The ambitious prisoner exchange also involved Syrian rebels freeing nine Lebanese Shi’ite pilgrims and Lebanese gunmen releasing two Turkish pilots.
While no official statements have been issued by the Bashar Al-Assad government regarding the deal, several opposition sources confirmed the release of the female prisoners.
The precise details regarding the number of female prisoners released by the Damascus regime remain unconfirmed with the BBC saying that 48 female prisoners have been released, while Reuters reported that 61 prisoners have been freed.
The UK-based Syrian Observatory for Human Rights said that this prisoner release represents the first batch of the total 128 prisoners set to be released as part of this three-way deal.
In exclusive comments to Asharq Al-Awsat, Ambassador of the International Organization for Human Rights Ali Aqil Khalil said that Tal Al-Mallouhi, the Syrian blogger detained one year before the March 2011 uprising, is set to be released as part of the deal.
“A presidential amnesty will soon be issued in Syria and will affect hundreds of prisoners who have not been involved in the bloodshed,” Khalil said.
The release of the first batch of prisoners came after many anti-Assad activists lost hope of Damascus complying with the detainee swap deal.
President of the Syrian Association of Human Rights, Abdulkarim Rehawi, told Asharq Al-Awsat that the delay “was due to reasons relating to the prisoners’ health conditions.”
“The regime initially refused to comply to the time-frame set for releasing the prisoners, choosing to free them in batches to allow their health to improve,” Rehawi said.
“They are all suffering from extremely difficult health conditions,” he added.
“The prisoners have not left Syria; those who have been released were being held by the political security administration of [Damascus’s] Adra Prison.
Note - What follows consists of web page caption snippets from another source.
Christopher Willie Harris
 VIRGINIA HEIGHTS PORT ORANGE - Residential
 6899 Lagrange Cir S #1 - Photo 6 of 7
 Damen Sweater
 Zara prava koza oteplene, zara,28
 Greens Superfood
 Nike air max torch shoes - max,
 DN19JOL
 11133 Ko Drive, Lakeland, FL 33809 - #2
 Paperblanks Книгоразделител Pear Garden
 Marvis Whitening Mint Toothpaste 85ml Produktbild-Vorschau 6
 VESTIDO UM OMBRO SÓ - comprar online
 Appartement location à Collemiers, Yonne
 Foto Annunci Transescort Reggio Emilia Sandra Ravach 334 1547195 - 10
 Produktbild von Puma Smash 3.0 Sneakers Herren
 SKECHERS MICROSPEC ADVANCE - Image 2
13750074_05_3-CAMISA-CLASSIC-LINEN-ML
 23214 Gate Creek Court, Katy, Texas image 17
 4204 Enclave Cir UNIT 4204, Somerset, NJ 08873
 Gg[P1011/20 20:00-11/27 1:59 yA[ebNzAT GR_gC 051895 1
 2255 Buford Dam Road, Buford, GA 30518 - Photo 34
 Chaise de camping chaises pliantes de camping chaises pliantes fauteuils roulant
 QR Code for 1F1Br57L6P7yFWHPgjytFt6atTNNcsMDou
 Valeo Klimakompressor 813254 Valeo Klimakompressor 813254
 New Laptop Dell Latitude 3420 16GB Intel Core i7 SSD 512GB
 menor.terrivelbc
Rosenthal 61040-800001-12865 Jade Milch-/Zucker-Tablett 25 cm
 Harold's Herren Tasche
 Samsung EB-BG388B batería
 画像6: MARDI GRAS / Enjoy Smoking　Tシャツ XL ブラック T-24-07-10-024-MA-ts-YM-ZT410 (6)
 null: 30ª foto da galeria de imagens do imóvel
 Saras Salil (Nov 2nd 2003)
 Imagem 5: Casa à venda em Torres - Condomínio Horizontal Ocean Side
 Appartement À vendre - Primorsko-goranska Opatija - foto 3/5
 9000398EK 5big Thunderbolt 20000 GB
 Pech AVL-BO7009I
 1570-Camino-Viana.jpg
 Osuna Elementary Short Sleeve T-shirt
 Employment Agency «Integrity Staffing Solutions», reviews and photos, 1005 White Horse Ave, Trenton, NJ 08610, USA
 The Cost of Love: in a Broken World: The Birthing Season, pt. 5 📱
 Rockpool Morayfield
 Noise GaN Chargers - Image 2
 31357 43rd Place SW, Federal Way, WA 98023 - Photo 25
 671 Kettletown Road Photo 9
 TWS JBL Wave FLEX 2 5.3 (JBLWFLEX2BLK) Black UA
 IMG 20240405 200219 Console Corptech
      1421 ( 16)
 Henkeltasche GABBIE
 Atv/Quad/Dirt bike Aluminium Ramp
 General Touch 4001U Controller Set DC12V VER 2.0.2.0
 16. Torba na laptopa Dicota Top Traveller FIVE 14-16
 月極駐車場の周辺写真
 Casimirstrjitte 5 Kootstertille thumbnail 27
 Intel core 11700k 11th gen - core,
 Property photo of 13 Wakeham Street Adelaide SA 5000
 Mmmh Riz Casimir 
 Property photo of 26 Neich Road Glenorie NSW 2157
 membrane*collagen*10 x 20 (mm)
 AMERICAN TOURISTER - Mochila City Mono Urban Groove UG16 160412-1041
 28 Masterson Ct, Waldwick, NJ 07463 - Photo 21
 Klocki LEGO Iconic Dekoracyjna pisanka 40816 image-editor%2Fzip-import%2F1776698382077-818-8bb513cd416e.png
They were brought to the capital where the mayor met with them before they were returned to their families in Syria,” Rehawi told Asharq Al-Awsat.
According to the president of the Syrian Association of Human Rights, the majority of the estimated 4,200 female prisoners being held by the Assad regime are subjected to “catastrophic humanitarian conditions,” adding “this requires international intervention.”